I have a $38 charge for coming out. I don't charge it at the door, and I don't push it if the customer balks. Although I get virtually all the jobs I look at, there are times when just telling the customer what the problem(s) is (are) is a service.


----------



## user823 (Feb 3, 2009)

Herk said:


> I have a $38 charge for coming out. I don't charge it at the door, and I don't push it if the customer balks. Although I get virtually all the jobs I look at, there are times when just telling the customer what the problem(s) is (are) is a service.



For repair work I never give an estimate over the phone. Some things like a sewer camera inspection I'll tell them, it's $250.00. 
:thumbsup:


----------



## Protech (Sep 22, 2008)

I don't give free estimates(why should I?)

I don't give prices out over the phone(How can you know what's involved when you can't see it?)


----------



## plumbob1234 (Mar 29, 2009)

I agree with most of the posts in regards to quotes over the phone, DON'T DO IT!!!
but I do give free inhome estimates, I'm in a city of 400,000 or 1,000,000 if you count all the ajoining cities, and sometimes its a pain, but for the most part you get most of the jobs you quote, and if you can sell the word of mouth factor to all their friends definatly comes into play. I do flat rate most of the smaller work but untill you see it, you can't tell if it's as strait forward as the H.O. says it is.


----------



## smellslike$tome (Jun 16, 2008)

$59.00 to come out which in reality does not even cover what it costs me to park my truck in front of your house. I virtually never (I can't say never) "waive" this fee for general plumbing work. I will even charge it to go look at remodels. I don't do many remodels because: 1. I won't work for GC's and 2. They are almost always 1 of 3 or more "estimates" of which we are never the lowest. We don't estimate, after seeing the job we will quote what it will cost which will not change unless the customer changes something. If we are able to sense, over the phone, that the ho knows that he is talking to a quality company and appreciates that fact then we will go look at it for $59. About the only thing that we do not charge the $59 service fee for is tankless consults and this is only because I have a much higher level of confidence selling tankless water heaters than I do selling remodels. To me, remodels are just first cousins with new con which I left behind long ago. I will do them but I never even attempt to compete on price.
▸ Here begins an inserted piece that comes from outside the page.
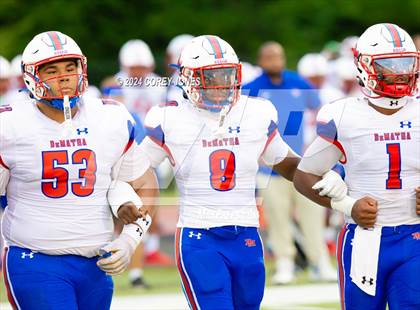 Thumbnail 2 in DeMatha vs Archbishop Spalding (The Cavalier Kickoff Classic) photogallery.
The service fee definately makes me money though. Not the $59 but the way in which it removes all "tire kickers", as you say, from my path. The service fee makes me more productive. Even when it is dead slow (which isn't often) I still am very reluctant to even waive it because as soon as I go to look at some dead end nonsense, a paying call will come in from someone who needs me "right now".


----------



## rickmccarthy (Jul 20, 2009)

This is how I plan on attacking that situation years ago I had a "free estimates" in my YB ad what a nightmare this timeI will charge 50 to get to the house and waive it with approved wok but if they want an estimate I charge it and if they just deny me the work "rare" I get my money before I leave.


----------



## Herk (Jun 12, 2008)

Ironranger said:


> For repair work I never give an estimate over the phone. Some things like a sewer camera inspection I'll tell them, it's $250.00.
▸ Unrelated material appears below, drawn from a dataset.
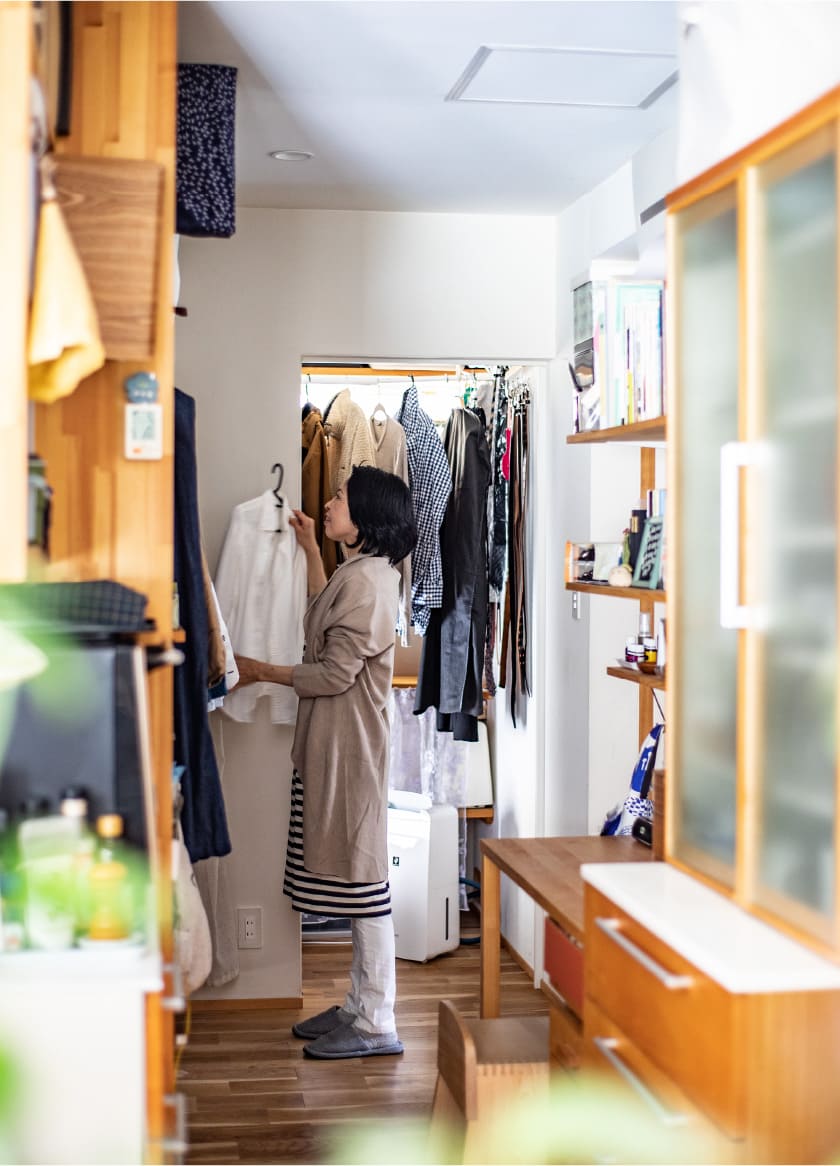 動線と家族とのつながり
I never quote anything on the phone because things change drastically when you get to the job. The fee to come out is the only quote I give. I guess I just don't trust people to be accurate. :whistling2:

That may be because I have so many years of inaccurate customers under my belt.


----------



## anysewer (Jul 27, 2009)

Customers want to know a price quote over the phone because they know that the person or company they are calling has already done the same job hundreds of times in the past. It is true that many times over the phone estimates do not work but it depends on the person giving the quote over the phone. If you ask the customer some questions regarding their problem, then you can give a better price quote.
We have a flat rate price structure and customers like that and based on the flat price structure they tell everyone about our services.


----------



## ROCKSTARPLUMBER (Dec 14, 2008)

anysewer said:


> Customers want to know a price quote over the phone because they know that the person or company they are calling has already done the same job hundreds of times in the past. It is true that many times over the phone estimates do not work but it depends on the person giving the quote over the phone. If you ask the customer some questions regarding their problem, then you can give a better price quote.
> We have a flat rate price structure and customers like that and based on the flat price structure they tell everyone about our services.
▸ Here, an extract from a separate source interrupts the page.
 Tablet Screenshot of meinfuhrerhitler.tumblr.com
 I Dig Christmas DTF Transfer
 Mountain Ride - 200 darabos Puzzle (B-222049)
your "yellow splash"? Is that just some trick to get you into the door or are you guys really that cheap? Is all you do is drain cleaning? If it is, that wouldn't really make you a Plumber in my book.


----------



## anysewer (Jul 27, 2009)

*Sewer & Drain*



ROCKSTARPLUMBER said:


> your "yellow splash"? Is that just some trick to get you into the door or are you guys really that cheap? Is all you do is drain cleaning? If it is, that wouldn't really make you a Plumber in my book.


The yellow splash is a trademarked logo and it is not a trick to get into the door. The price $49.95 is only for sewer and drain cleaning as the name of the company itself suggests. We refer plumbing jobs to plumbers is our network "without" taking any commission from them. Everything is not always about money. :thumbsup:


----------



## SewerRatz (Apr 25, 2009)

There was an outfit here in Chicago about 20 some years ago that called themselves $49.95 any Sewer and Drain. They where real busy for a while then went out of business due to some real shady practices. They basically used the $49.95 as a foot in the door, and then sold people on new sewer lines using tactics like running the rod only 5 feet into the line and telling the home owner the sewer is busted and needs to be dug up.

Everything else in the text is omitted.